Puis soudain, apercevant l’église sur sa droite, le Français lâcha :

– La mairie, c’est ici !... Je vais me garer.

Le policier stationna son véhicule à proximité d’un édifice religieux massif, puis il invita ses passagers à descendre. Sweeney commençait à peine à étirer ses membres engourdis, lorsqu’il remarqua un homme de taille moyenne, vêtu d’un costume gris clair, qui s’avançait vers eux. Le commandant se dirigea vers lui, puis il se mit à prononcer une suite de phrases totalement incompréhensibles pour l’inspecteur et son collègue. Dès que ce premier échange parut achevé, les deux Français s’approchèrent du rouquin au club de golf, ainsi que du géant de type polynésien.

– Monsieur est l’adjoint au maire, leur annonça Gomez.

– Christophe Léger, se présenta l’homme d’une voix dynamique. Puis il leur serra la main, l’œil vif et la poigne ferme. Avant d’ajouter :

– Sorry, I don’t speak english.

– Nous ne parlons pas français non plus, lui répondit Sweeney dans sa propre langue, tout en souriant.

– Attendez, je vais faire le traducteur, intervint le commandant.

Ce dernier s’entretint alors quelques instants avec l’élu de la commune, puis il se retourna vers ses deux confrères :

– Bien. Monsieur va nous conduire jusqu’à notre témoin. Il m’a dit que c’était à moins de deux cents mètres. Nous allons nous y rendre à pied.

– Tant mieux, se réjouit l’Écossais, qui épaula aussitôt son club de golf.

– Allons-y, déclara Henry.

Les trois policiers se mirent en marche derrière Christophe Léger, puis ils dépassèrent l’imposant portail ombragé de l’église. Après quelques pas, le groupe franchit une ruelle perpendiculaire sur la droite, d’où s’ouvrait une perspective sur une tour en ruine.

– Qu’est-ce que c’est que ça ? s’étonna l’inspecteur-chef Mata’afa. On dirait un château fort.

Christophe Léger sembla deviner le sens du questionnement du Polynésien et il marmonna quelques mots.
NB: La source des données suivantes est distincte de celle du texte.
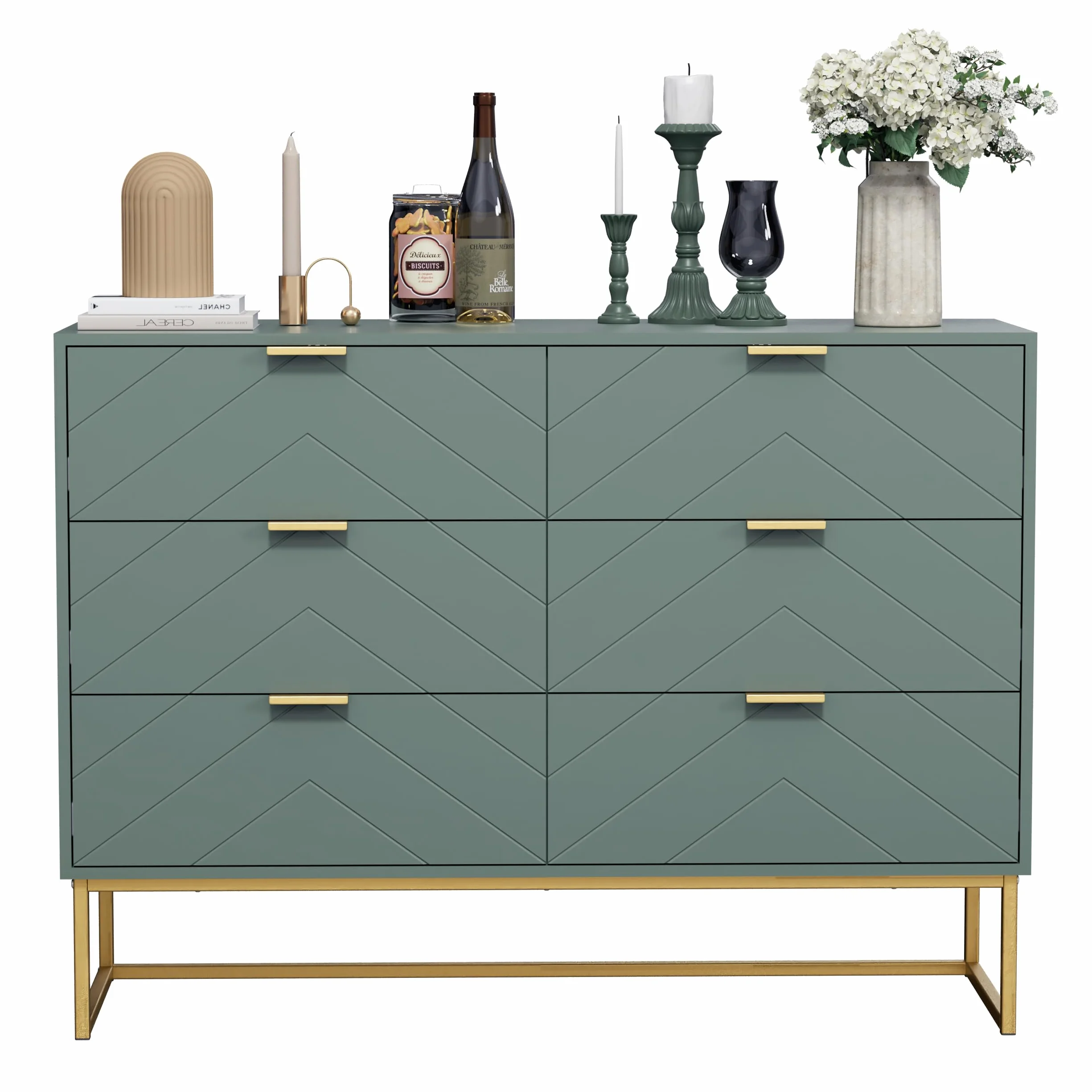 UEV Cómoda para Dormitorio, Cómoda con 6 Cajones y Patrón de Líneas, Armario Moderno y Práctico, Diseño Seguro Antivuelco, 100x34x73.5cm, Verde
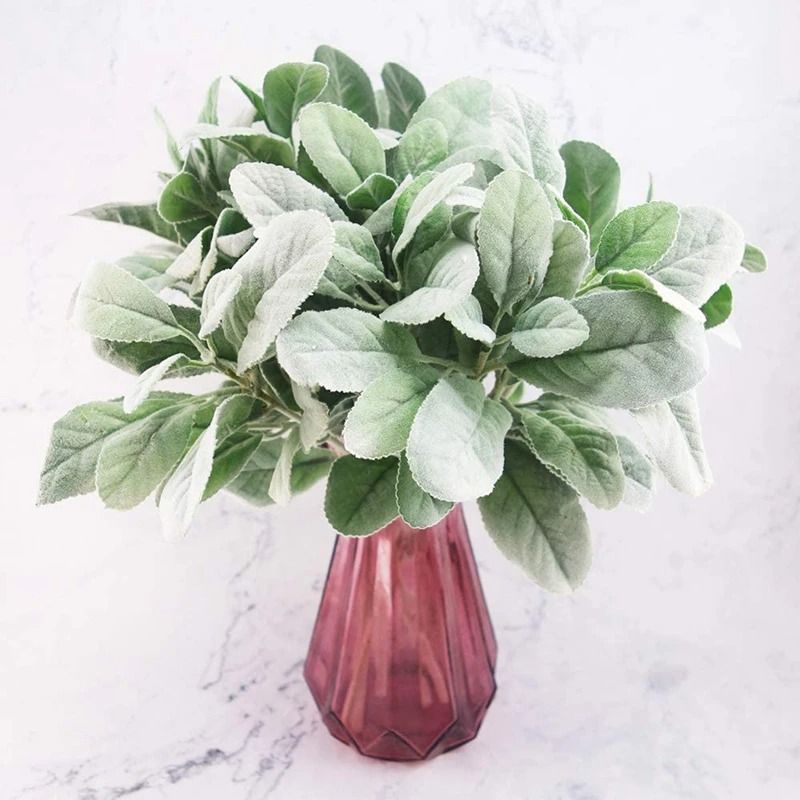 Artificial Lambs Ear Stems Faux Greenery Branches for Wedding Bouquet and DIY Floral Arrangement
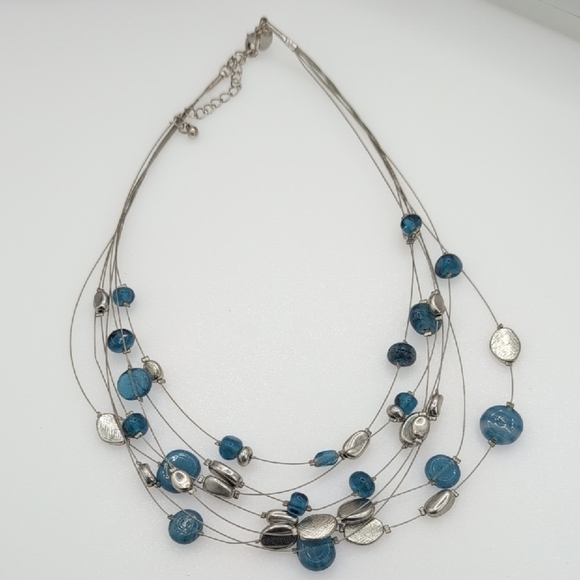 Lia Sophia Silver and Blue Multi-Strand Necklace - Picture 4 of 7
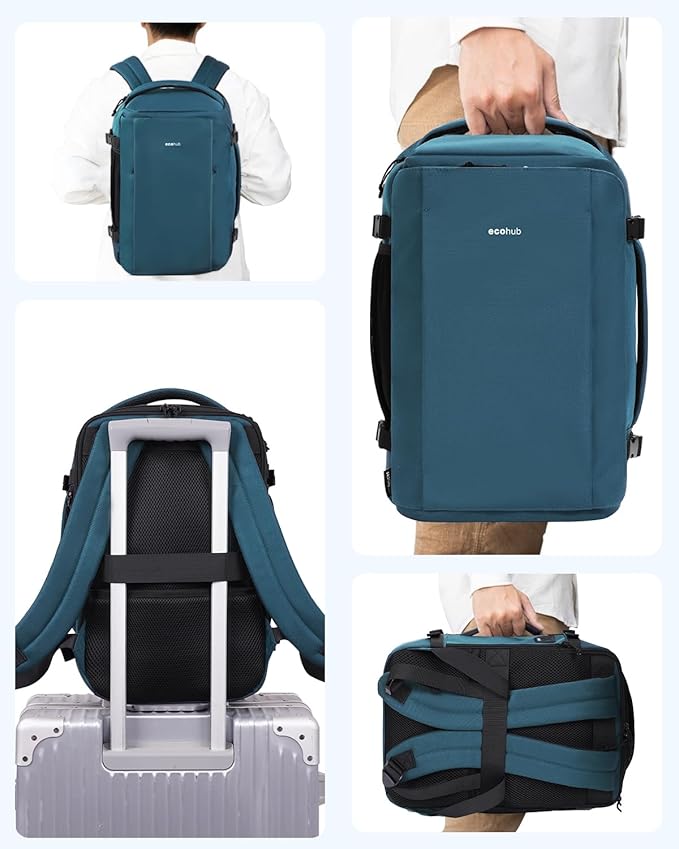 ECOHUB 40L Carry-On Travel Backpack, TSA-Friendly, Anti-Theft Water-Resistant Lightweight with 17.3″ Laptop Compartment, Durable PFAS-Free Rucksack, Green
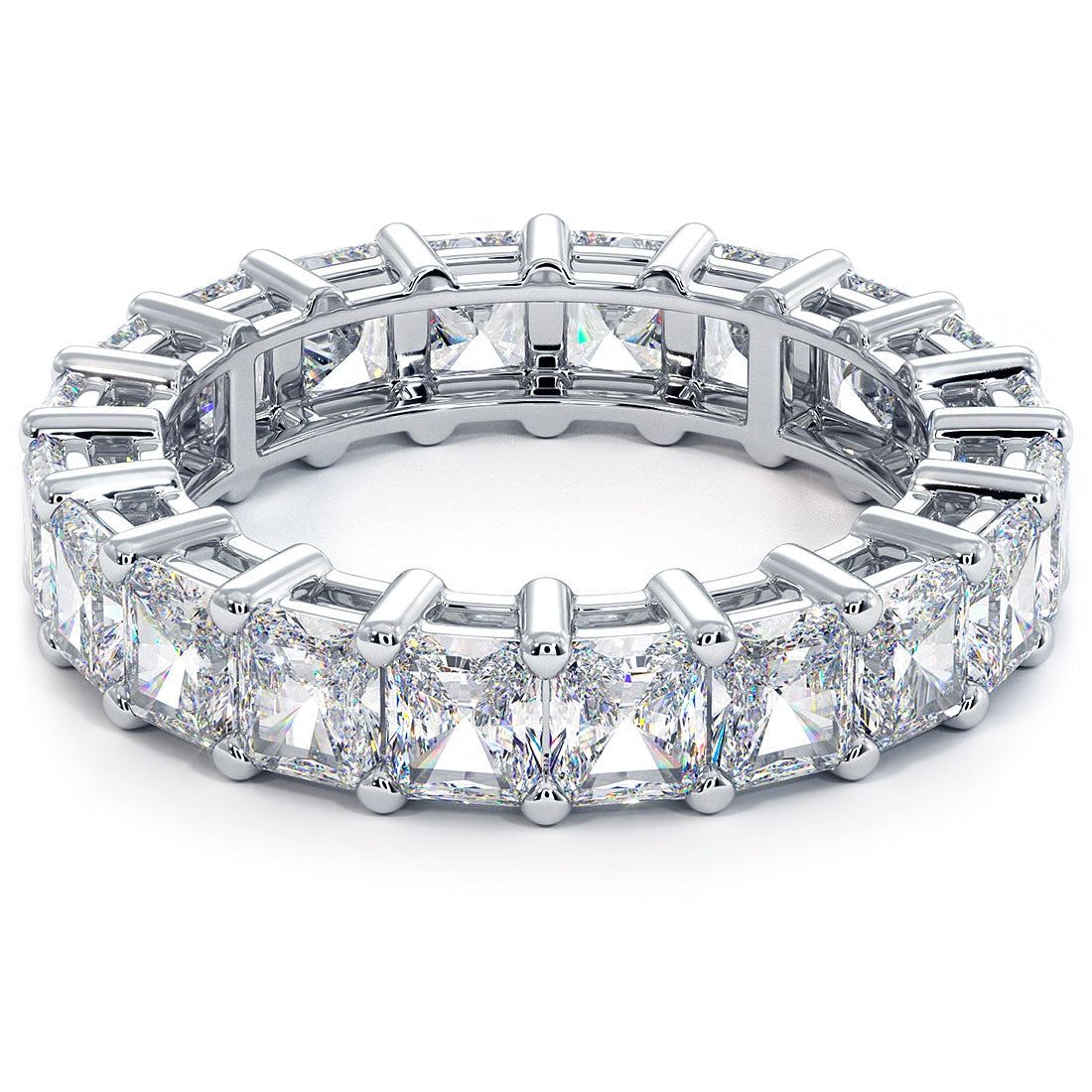 Radiant Cut Moissanite Diamond Eternity Wedding Band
Gomez traduisit :

– Presque. Il dit que c’est la tour de Ganne, une fortification du XIIème siècle.

– Très joli, apprécia Sweeney, alors que le groupe se trouvait de nouveau cerné par les façades relativement élevées des maisons de la rue.

Progressant sur un trottoir pavé, le quatuor parvint rapidement jusqu’au prochain carrefour. Sur leur droite, les policiers découvrirent alors une rue en légère descente, prolongée par un pont de pierre très pittoresque qui enjambait la rivière. Celui-ci débouchait sur un paysage boisé, dans lequel des arbres au feuillage dense alternaient avec des prairies d’un vert tendre. Baignées de soleil, ces dernières invitaient au pique-nique ou au farniente. Puis, face à eux, se dressa soudain l’angle d’un grand bâtiment de couleur grise.

– L’ancien hôtel Chevillon. C’est là ! clama monsieur Léger, et il désigna l’édifice d’un coup de menton.

Les deux anglophones comprirent sans peine le sens de son intervention. L’adjoint au maire stoppa devant une porte précédée d’une plaque, avant de s’entretenir brièvement avec le policier français. Enfin, l’homme ouvrit le battant et il disparut à l’intérieur du bâtiment. Marc Gomez expliqua :

– Monsieur Léger est parti chercher notre témoin. Il va revenir… C’est un ancien hôtel, poursuivit-il, l’hôtel Chevillon. Regardez, là sur la droite, désigna-t-il la plaque, c’est ici qu’a vécu August Strindberg.

– Qui est-ce ? Je suis désolé, s’excusa Sweeney pour son ignorance.